Pakistani politician (born 1970)

Punjab Assembly Lahore

Arif Mahmood Gill is a Pakistani politician who is an incumbent Member of the Provincial Assembly of the Punjab since February 2024. Previously he was a Member of the Provincial Assembly of the Punjab, from 2002 to 2007 and again from May 2013 to May 2018.

==Early life and education==
He was born on 20 February 1970 in Samundri.

He graduated from Bahauddin Zakariya University in 2002.

==Political career==
He was elected to the Provincial Assembly of the Punjab as a candidate of Pakistan Muslim League (Q) (PML-Q) from Constituency PP-59 (Faisalabad-IX) in the 2002 Pakistani general election. He received 24,457 votes and defeated Muhammad Tahir Chaudhry, a candidate of Pakistan Peoples Party (PPP).

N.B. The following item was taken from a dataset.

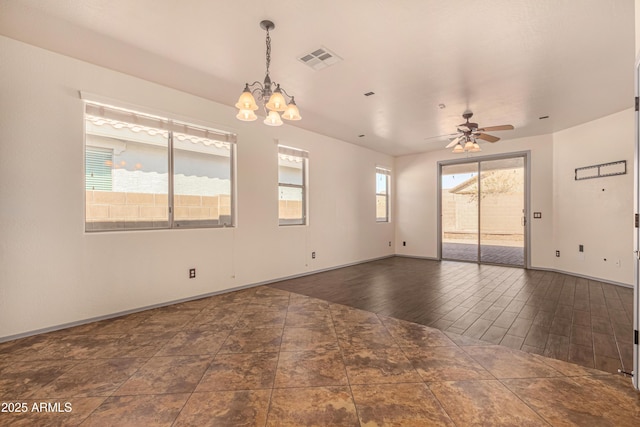 empty room featuring ceiling fan with notable chandelier, wood finished floors, visible vents, and baseboards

He ran for the seat of the Provincial Assembly of the Punjab as a candidate of PML-Q from Constituency PP-59 (Faisalabad-IX) in the 2008 Pakistani general election, but was unsuccessful. He received 25,163 votes and lost the seat to Rana Muhammad Farooq Saeed Khan.

He was re-elected to the Provincial Assembly of the Punjab as a candidate of Pakistan Muslim League (N) (PML-N) from Constituency PP-59 (Faisalabad-IX) in the 2013 Pakistani general election. He received 48,397 votes and defeated Rana Muhammad Farooq Saeed Khan.

He ran for the seat of the Provincial Assembly of the Punjab as an independent candidate from Constituency PP-103 (Faisalabad-IX) in the 2018 Pakistani general election, but was unsuccessful. He received 26,501 votes and lost the seat to Hafiz Mumtaz Ahmad of PTI.

He was re-elected to the Provincial Assembly of the Punjab as a candidate of Pakistan Muslim League (N) (PML-N) from Constituency PP-104 (Faisalabad-IX) in the 2024 Pakistani general election. He received 45,933 votes and defeated Farooq Arshad of PTI.